Yeah I'm just fully qualifying the name of the destructor. Nothing fancy. In that context I couldn't get it to compile without fully qualifying it. I'm not 100% sure why.
union AllMessageParametersThatExist {...}; History makes it impossible. In 16-bit Windows, some messages actually put two pointer sized items in LPARAM.
Because constructors and destructors aren’t called for objects in unions, as the compiler has no general way of knowing if the object is the active member of the union.
One thing I don't understand is this idea of the "active member of a union". At runtime I don't think this concept exists, if you modify the int and you access the float, you get the float that is represented by the same bits you set on the int, and that's totally normal behavior and there's nothing UB about it as far as I know. How come at compile time these rules change? Feels like union at compile time just cannot really be sensibly used.
That is absolutely undefined behaviour in C++, and just because it happens to work with your current compiler is no guarantee that it will work in the future. And if the compiler can tell that you’re reading the inactive member, it is quite at liberty to alter that to whatever it wants if it thinks that’ll make more optimised code.

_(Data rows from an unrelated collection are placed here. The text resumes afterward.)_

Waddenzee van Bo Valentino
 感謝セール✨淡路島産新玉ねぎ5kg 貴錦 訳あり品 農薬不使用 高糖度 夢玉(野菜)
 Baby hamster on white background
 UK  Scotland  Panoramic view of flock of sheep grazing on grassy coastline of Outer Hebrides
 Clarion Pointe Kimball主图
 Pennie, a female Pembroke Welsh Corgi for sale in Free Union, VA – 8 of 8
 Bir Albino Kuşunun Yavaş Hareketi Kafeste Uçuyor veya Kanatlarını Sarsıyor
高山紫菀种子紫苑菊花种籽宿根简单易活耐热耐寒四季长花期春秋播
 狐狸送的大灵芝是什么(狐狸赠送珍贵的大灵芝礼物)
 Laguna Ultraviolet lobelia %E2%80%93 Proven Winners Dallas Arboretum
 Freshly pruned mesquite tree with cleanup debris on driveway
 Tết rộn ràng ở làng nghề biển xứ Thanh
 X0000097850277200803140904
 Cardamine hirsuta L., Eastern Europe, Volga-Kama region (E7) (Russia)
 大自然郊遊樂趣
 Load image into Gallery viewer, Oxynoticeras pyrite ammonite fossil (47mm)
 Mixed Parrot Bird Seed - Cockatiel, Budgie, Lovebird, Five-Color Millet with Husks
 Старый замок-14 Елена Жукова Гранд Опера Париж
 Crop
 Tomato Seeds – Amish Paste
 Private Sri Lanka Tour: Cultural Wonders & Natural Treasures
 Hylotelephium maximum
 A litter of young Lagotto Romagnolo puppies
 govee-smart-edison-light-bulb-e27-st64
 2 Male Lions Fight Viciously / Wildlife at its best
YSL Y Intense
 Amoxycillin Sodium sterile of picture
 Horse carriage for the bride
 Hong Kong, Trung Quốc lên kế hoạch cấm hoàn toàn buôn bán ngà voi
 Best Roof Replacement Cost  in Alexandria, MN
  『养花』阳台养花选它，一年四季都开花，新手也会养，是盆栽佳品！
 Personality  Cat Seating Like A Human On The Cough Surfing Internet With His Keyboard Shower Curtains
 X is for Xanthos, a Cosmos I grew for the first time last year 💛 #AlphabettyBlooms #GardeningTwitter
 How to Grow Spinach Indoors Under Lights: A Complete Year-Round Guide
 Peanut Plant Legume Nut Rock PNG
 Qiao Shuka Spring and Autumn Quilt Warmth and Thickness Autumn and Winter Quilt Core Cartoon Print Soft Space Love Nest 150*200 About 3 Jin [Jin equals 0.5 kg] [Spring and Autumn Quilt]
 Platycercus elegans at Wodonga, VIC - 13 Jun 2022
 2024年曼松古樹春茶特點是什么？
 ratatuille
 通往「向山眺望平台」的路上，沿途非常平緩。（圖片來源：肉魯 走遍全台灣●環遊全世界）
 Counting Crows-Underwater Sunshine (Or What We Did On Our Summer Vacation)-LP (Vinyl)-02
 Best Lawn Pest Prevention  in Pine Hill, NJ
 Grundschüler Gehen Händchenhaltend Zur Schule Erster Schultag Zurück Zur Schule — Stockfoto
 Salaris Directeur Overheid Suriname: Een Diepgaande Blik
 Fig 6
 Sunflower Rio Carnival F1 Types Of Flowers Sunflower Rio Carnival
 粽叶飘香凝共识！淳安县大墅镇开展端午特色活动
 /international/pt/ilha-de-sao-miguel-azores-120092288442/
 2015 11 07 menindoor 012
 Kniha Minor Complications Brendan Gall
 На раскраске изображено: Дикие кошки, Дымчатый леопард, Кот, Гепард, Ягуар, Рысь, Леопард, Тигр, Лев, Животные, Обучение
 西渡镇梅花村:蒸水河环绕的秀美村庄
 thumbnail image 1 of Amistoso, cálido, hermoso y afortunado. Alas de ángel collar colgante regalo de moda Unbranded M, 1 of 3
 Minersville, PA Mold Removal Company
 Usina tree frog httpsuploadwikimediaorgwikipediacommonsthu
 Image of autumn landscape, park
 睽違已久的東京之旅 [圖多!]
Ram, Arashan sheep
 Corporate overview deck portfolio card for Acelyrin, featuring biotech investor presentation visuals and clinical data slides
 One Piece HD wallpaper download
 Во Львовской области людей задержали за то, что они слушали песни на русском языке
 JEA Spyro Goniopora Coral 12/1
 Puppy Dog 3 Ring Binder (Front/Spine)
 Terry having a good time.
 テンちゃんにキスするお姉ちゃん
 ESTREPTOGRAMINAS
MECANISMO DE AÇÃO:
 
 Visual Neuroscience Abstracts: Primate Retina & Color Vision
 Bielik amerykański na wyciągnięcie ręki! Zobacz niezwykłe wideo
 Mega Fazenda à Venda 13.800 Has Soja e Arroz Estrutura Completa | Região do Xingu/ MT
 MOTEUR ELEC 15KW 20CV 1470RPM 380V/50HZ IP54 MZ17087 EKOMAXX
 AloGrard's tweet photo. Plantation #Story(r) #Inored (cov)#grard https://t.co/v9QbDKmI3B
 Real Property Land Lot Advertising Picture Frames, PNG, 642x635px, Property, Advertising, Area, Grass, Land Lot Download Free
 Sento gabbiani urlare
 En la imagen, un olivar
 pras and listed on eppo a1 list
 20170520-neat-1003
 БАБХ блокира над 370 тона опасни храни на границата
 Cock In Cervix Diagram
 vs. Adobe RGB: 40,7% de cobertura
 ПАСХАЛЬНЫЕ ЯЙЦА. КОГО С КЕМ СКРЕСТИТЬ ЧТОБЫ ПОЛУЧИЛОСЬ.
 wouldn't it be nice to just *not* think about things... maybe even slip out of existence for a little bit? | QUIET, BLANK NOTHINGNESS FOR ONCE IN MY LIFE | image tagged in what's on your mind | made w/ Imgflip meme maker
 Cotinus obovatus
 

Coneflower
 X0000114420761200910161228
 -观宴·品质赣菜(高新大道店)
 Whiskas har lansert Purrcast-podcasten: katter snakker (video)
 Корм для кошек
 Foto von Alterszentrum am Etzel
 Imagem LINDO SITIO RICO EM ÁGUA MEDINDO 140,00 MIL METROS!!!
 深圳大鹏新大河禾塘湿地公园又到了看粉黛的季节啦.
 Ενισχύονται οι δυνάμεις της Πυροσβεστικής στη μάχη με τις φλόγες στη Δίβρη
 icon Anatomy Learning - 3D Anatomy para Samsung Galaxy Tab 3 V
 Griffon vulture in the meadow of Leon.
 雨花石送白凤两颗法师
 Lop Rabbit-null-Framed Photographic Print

If you want to bitwise transfer a float to int or vice versa, use memcpy or std::bit_cast in C++20
@@StuartDootson Yeah this is my big gripe with c++. That most compilers currently behave "reasonably" indicates to me that reasonableness is possible. But the standard insists on calling this undefined behavior which is really frustrating. Many examples like this and they don't seem to be interested in fixing it.
@@sirhenrystalwart8303 it’s not just c++ - it’s c as well. C could have standardised 2s complement arithmetic (which is the de-facto hardware standard for signed integer representation), but for the sake of portability and backwards compatibility, they chose not to define how signed integers work when they overflow, and chose instead to effectively say ‘just don’t do it’, and haven’t changed that stance even though the computing landscape has changed significantly since C was first developed. See, back then, there were a few 1s complement computers. You couldn’t rely on ASCII, as IBM mainframes used EBCDIC. It made sense for C not to define behaviour in those areas where the platforms fundamentally differed, so as to allow efficient code generation on all platforms. Does that make sense now? Maybe not… unless you still run a PDP-1 or CDC-6600 and you need a C compiler!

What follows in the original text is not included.